Visitar China: un imperio donde lo antiguo dialoga con la vanguardia
Imagina un país donde los rascacielos futuristas conviven con templos milenarios, donde los pandas gigantes mastican bambú mientras los trenes de alta velocidad alcanzan los 350 km/h. China no es un destino cualquiera, es un universo en sí mismo. Con sus 9,6 millones de kilómetros cuadrados y 4 000 años de historia, el gigante asiático te enfrenta a una realidad fascinante: la de una civilización ancestral que ha abrazado la modernidad sin renunciar a sus raíces.

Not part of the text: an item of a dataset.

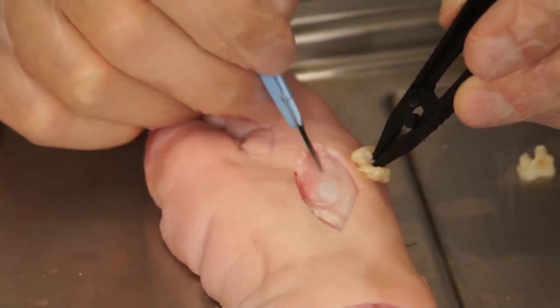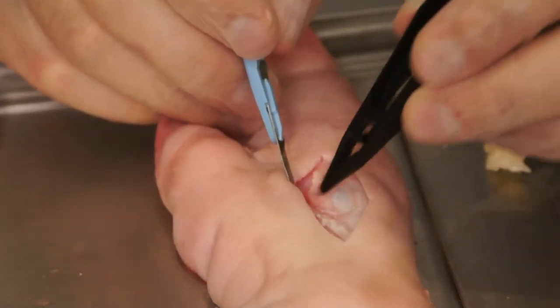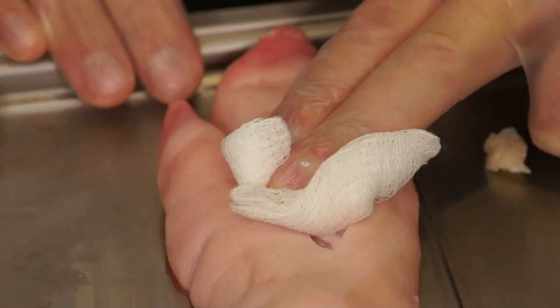If there are tendon or sensitive critical structures within the base of the wound, these can be avoided and carefully debrided around so as to avoid underlying injury.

¿Es China un destino para ti?
China no deja a nadie indiferente. Atrae a los viajeros curiosos, a aquellos que buscan la aventura auténtica y no tienen miedo a ver cómo sus certezas se tambalean. Si buscas un viaje cerrado y predecible, mejor elige otro rumbo. Aquí, la barrera del idioma puede convertir la compra de un billete de tren en toda una odisea, la aglomeración en ciertos puntos turísticos desafía la imaginación y la contaminación en algunas megalópolis puede sorprender. Pero es precisamente esa complejidad la que deja los recuerdos más intensos.
Los amantes de la historia encontrarán tesoros como el ejército de terracota o la Gran Muralla. Los gastrónomos descubrirán una cocina infinitamente más variada que la de los restaurantes habituales. Y los viajeros más contemplativos se perderán con deleite en los jardines de Suzhou o los paisajes kársticos de Guilin.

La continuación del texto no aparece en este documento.